When it gets busy give up a seat for an adult.
Then consider train strikes, if the train isn't running how will he get there, ditto bus.
Then the cost of travel, I know in some areas children travel free but not in all areas.
Does he lose things? It's much harder to find a planner that has been left at school than a planner that might have been lost at school, on a train, on a bus or on the street.
One of the things I hated was that I was often the last person in the house home. That sounds like not a lot but things would happen like my parents might order a takeaway, they got what they wanted as did my brother and I had what they had guessed I wanted, and sometimes it was what they thought I wanted, and in the oven to keep warm because I had missed a bus.
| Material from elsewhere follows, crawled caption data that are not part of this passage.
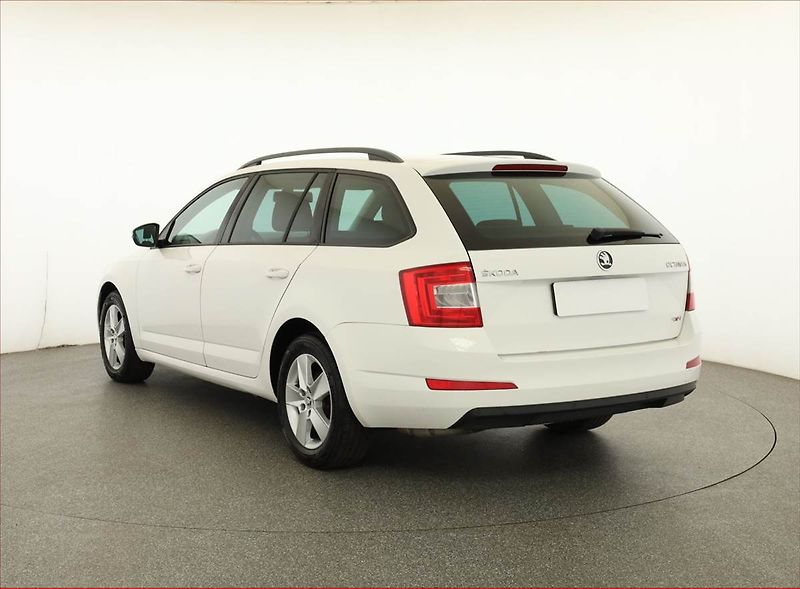 Škoda Octavia (2014) 1.6 TDI, 4X4, Tempomat - fotka 4 z 17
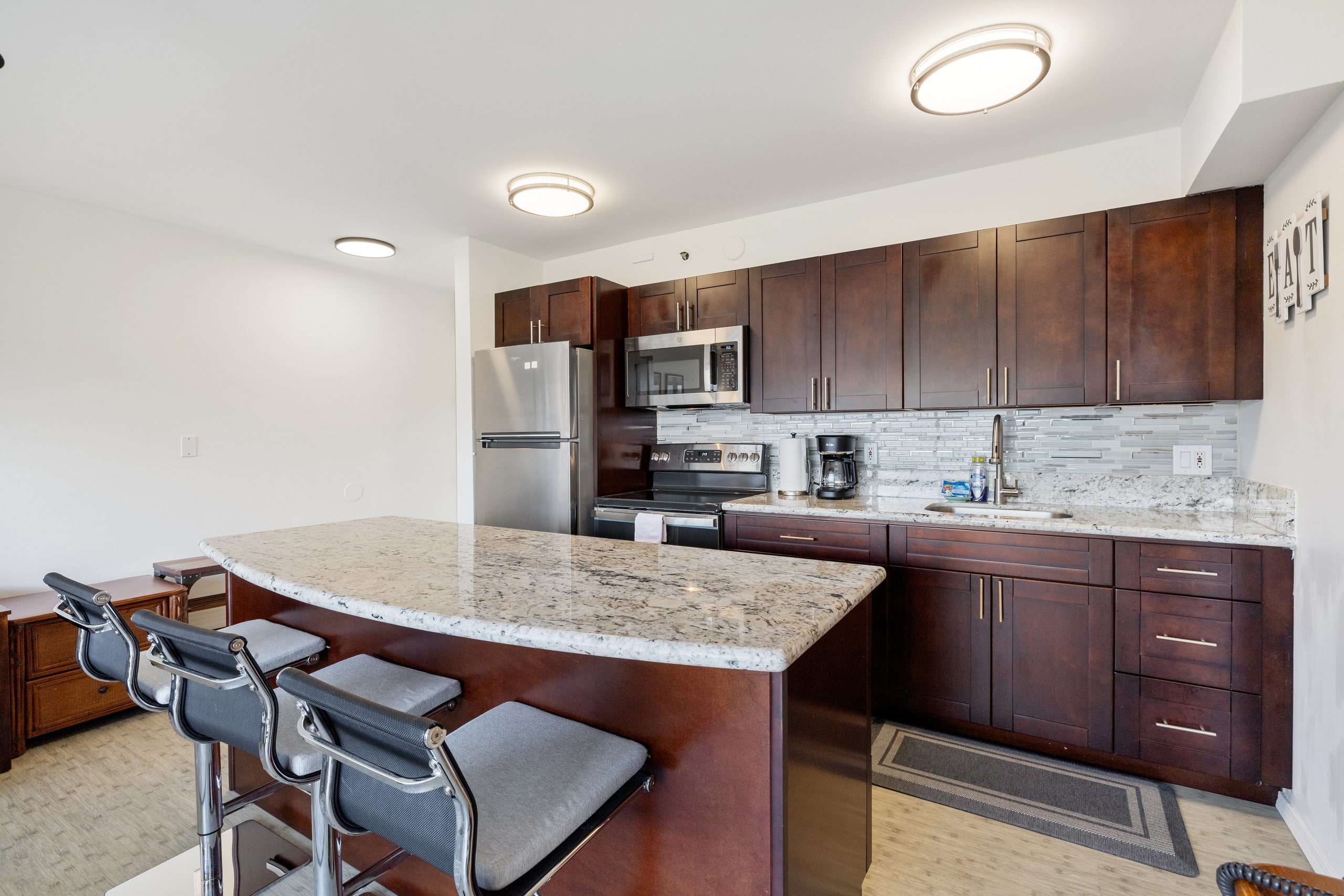 Hotel in Honolulu · ★4.7 · 1 bedroom · 3 beds · 1 private bath - Image 8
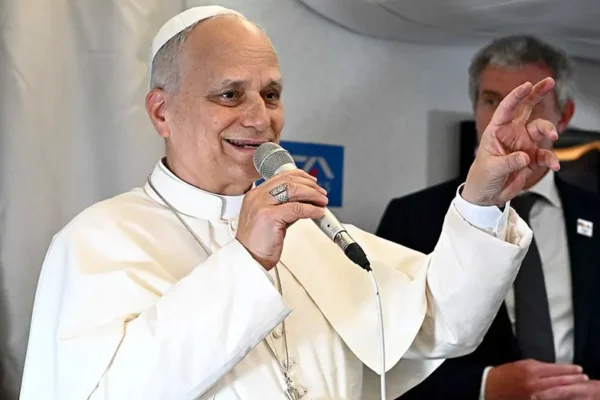 Papež Leo říká, že poznámky o světě ‚zpustošeném hrstkou tyranů‘ nebyly mířeny na Trumpa: zpráva
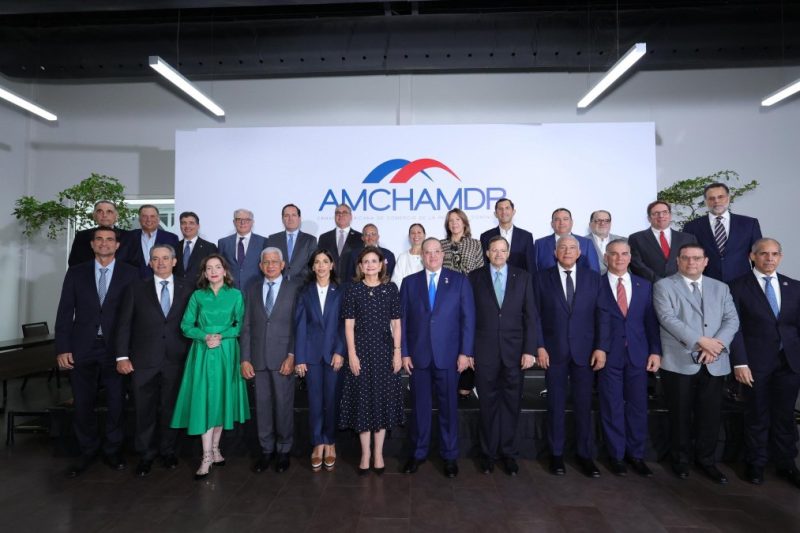 Gobierno da seguimiento a diplomáticos en Medio Oriente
The only other option would be child comes with me (40m in car) to high school in town I work in, or another town about 50 mins away in bus as well. This thread is interesting. Some children, like the ones in my village don’t have a choice (unless parents move) and cope perfectly fine.
I think it is different when all children are commuting and when it is a school bus.
Some schools are really strict on punctuality and a child can end up in detention for being 5 mins late, if 40 children are arriving late because a school bus is late the school knows it is not the children's fault and can plan accordingly.